Court finds in favor of JDSU execs
MILPITAS, CA—A jury has ruled in favor of JDSU on all claims in a securities class-action lawsuit filed by Connecticut Retirement Plans and Trust Funds against the company in the United States District Court for the Northern District of California (Oakland, CA).
MILPITAS, CA—A jury has ruled in favor of JDSU on all claims in a securities class-action lawsuit filed by Connecticut Retirement Plans and Trust Funds against the company in the United States District Court for the Northern District of California (Oakland, CA). The class-action lawsuit, which was originally filed in 2002, claimed that company executives misrepresented the financial health of the company to shareholders, resulting in the loss of millions of dollars. In particular, four of former JDSU officials—Kevin Kalkhoven, Jozef Straus, Anthony Muller, and Charles Abbe—were accused of securities fraud and insider trading.
JDSU started out as a scientific-laser company but became one of the leading benefactors of the optical telecom boom that began in the late 1990s. Over a 20-month period starting in 1999, the company became a Wall Street “darling”, watching its stock soar to record heights ($125/share in August 2000) and buying 11 companies as a result. But when the bottom fell out of the telecom market in early 2001, the company began reporting huge financial losses ($50.6 billion in FY2001) and soon thereafter laid off more than 80% of its workforce and closed 29 facilities.
One of hardest hit of the company’s shareholders during this same time was the state of Connecticut’s public-pension funds, which lost $65 million as a result of investing in JDSU stock. Connecticut state treasurer Denise Nappier filed the shareholder lawsuit, which alleged that JDSU executives hid the fact that demand was falling for its products throughout 2000. The lawsuit, which sought more than $20 million in alleged damages, noted that Kalkhoven, Straus, Muller, and Abbe divested more than $350 million in JDSU stock between July 31 and August 31, 2000. Other “insider” shareholders sold another $503 million in that same time period.
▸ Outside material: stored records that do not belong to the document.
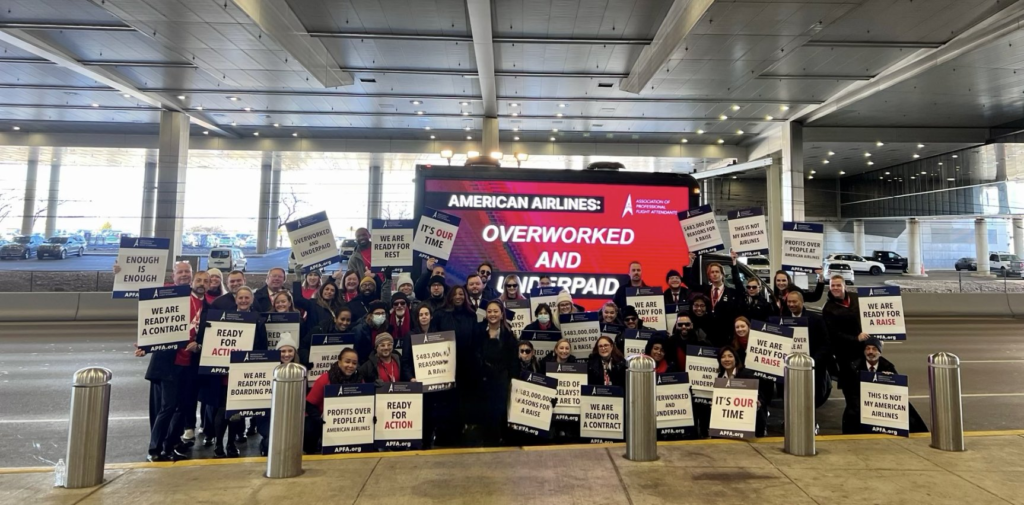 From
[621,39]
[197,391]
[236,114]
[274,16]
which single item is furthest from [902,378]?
[236,114]

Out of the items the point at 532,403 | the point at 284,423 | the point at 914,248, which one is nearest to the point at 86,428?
the point at 284,423

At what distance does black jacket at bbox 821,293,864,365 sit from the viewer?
5.57 m

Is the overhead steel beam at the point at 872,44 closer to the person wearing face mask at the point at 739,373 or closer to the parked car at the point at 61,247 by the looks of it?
the person wearing face mask at the point at 739,373

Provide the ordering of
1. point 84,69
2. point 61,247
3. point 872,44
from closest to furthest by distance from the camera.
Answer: point 872,44 < point 84,69 < point 61,247

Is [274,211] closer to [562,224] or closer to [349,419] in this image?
[562,224]

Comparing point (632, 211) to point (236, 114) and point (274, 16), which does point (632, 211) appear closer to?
point (274, 16)

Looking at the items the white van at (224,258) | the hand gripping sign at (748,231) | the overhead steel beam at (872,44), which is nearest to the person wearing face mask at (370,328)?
the hand gripping sign at (748,231)

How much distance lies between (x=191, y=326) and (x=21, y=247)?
79.4 ft

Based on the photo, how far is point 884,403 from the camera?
195 inches

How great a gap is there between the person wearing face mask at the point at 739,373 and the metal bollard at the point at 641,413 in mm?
1162

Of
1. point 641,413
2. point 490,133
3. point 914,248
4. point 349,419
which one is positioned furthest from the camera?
point 914,248

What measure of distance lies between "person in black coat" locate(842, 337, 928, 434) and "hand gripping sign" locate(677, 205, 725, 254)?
1.91 meters

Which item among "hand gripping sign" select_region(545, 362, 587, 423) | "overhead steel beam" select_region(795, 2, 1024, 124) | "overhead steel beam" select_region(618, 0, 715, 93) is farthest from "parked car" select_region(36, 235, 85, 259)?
"overhead steel beam" select_region(795, 2, 1024, 124)

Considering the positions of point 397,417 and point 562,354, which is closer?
point 397,417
“They knew in the year 2000 what was to come in the year 2001,” said plaintiff’s attorney Barbara Hart in court, according to news reports. “Instead of telling the public, they cashed out, selling hundreds of millions of dollars of stock, benefiting themselves.”
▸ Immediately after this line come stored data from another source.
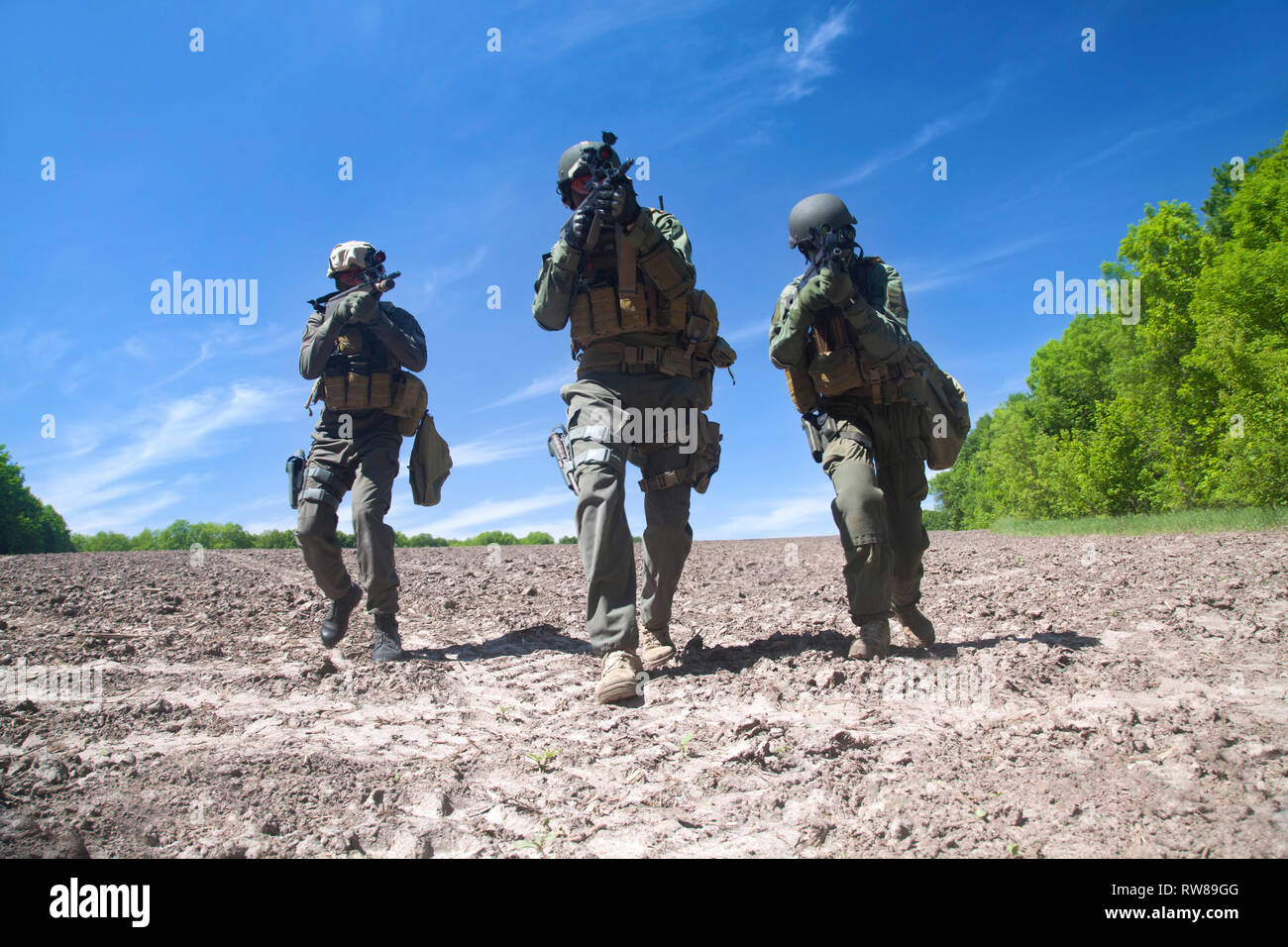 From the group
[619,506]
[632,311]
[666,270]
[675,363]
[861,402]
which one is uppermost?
[666,270]

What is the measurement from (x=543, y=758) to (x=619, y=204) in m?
2.58

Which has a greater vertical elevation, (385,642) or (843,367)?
(843,367)

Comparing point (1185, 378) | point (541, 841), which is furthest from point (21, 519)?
point (1185, 378)

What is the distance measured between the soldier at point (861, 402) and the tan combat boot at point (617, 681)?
Answer: 1.31 meters

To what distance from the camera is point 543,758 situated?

The jury returned its verdict after deliberating just over two days, following a trial that lasted almost four weeks. JDSU executives noted that while the jury’s decision in this case is a significant positive milestone, it continues to defend itself in the securities class action and related litigation.
“We are extremely gratified by the jury’s verdict, as we have always believed that the plaintiffs’ claims were without merit,” said Kevin Kennedy, JDSU president and CEO. “We will continue focusing our full attention on developing innovative products and delivering on the significant potential of our business model to create shareholder value.”